▸ **Supplied data**:
------------

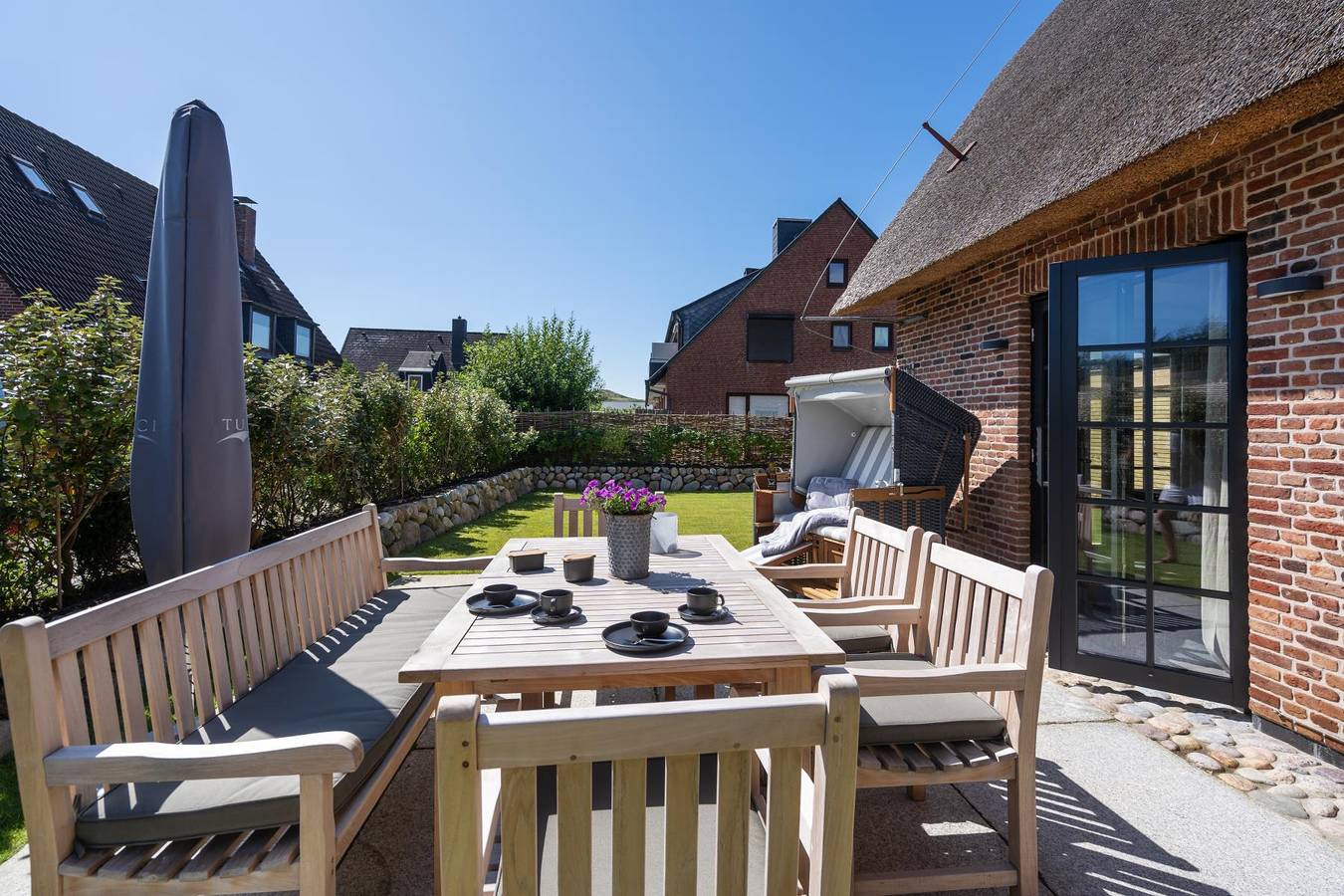 Moewe Deluxe – stilvolles Luxus Ferienhaus unter Reet mit Sauna nahe Weststrand, Sylt in Westerland, Sylt (Gemeinde)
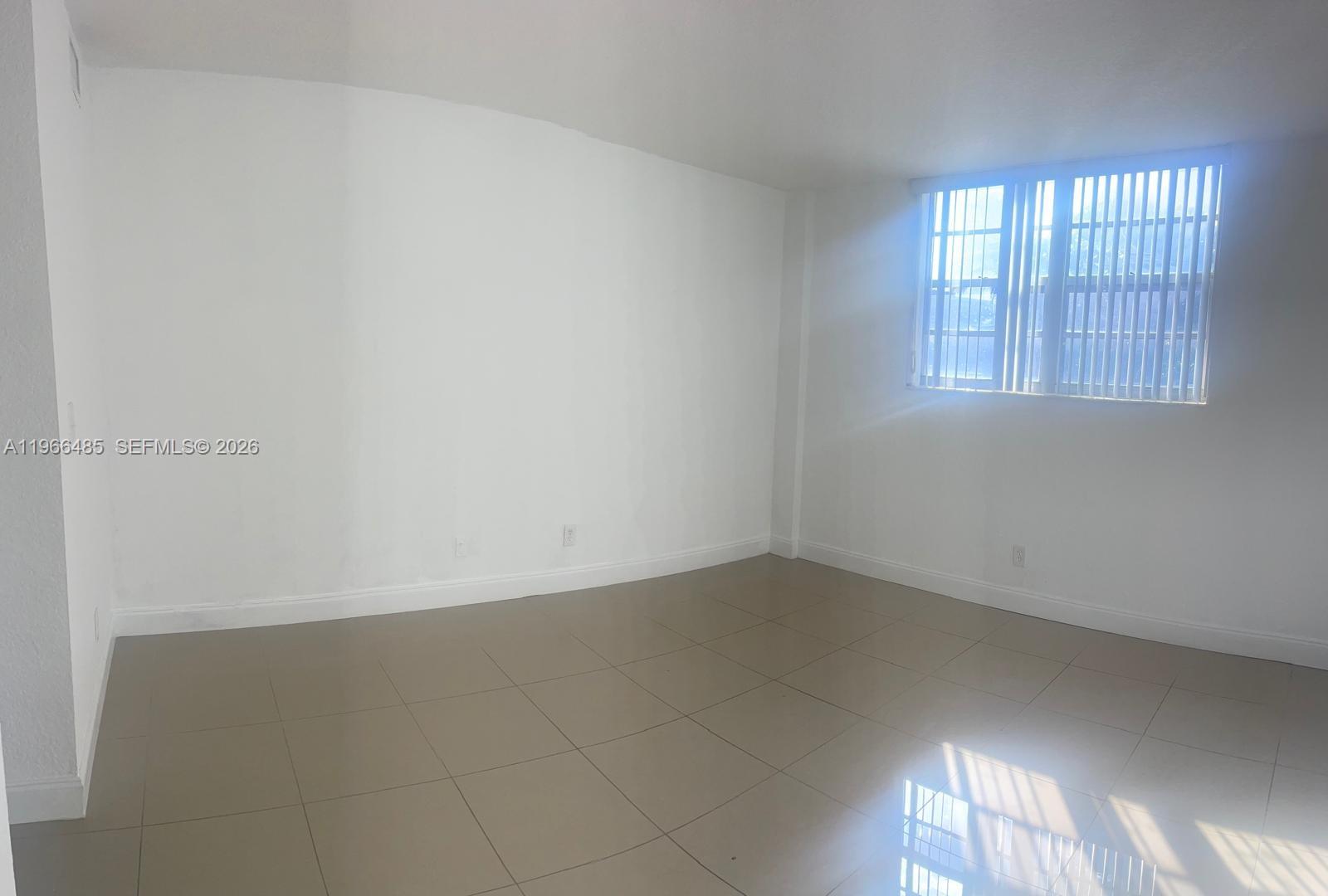 19390 Collins Ave #123 Sunny Isles Beach, FL 33160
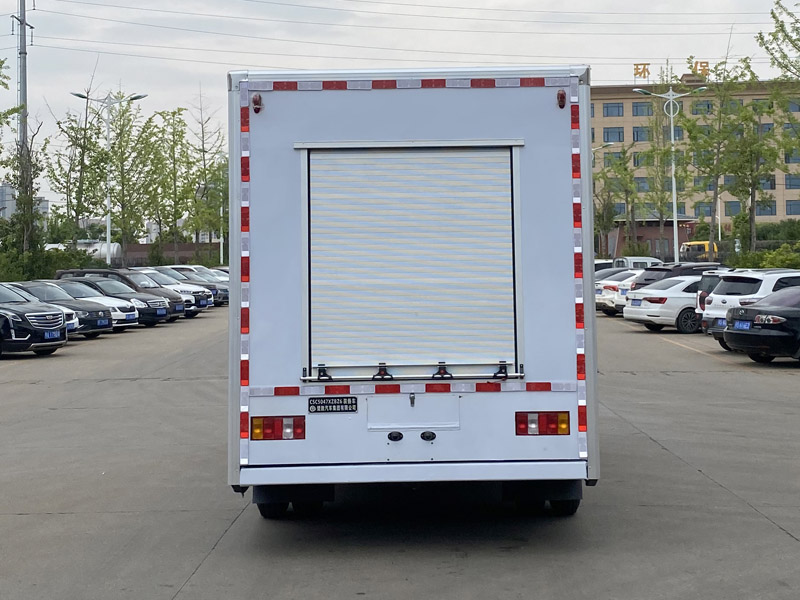 楚勝牌CSC5047XZBZ6裝備車公告圖片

------------

Skip the pictures and copy exactly the lines from the one containing "19390 Collins Ave" through the end of the material, both ends included.

▸ **Answer box**:
 19390 Collins Ave #123 Sunny Isles Beach, FL 33160
 楚勝牌CSC5047XZBZ6裝備車公告圖片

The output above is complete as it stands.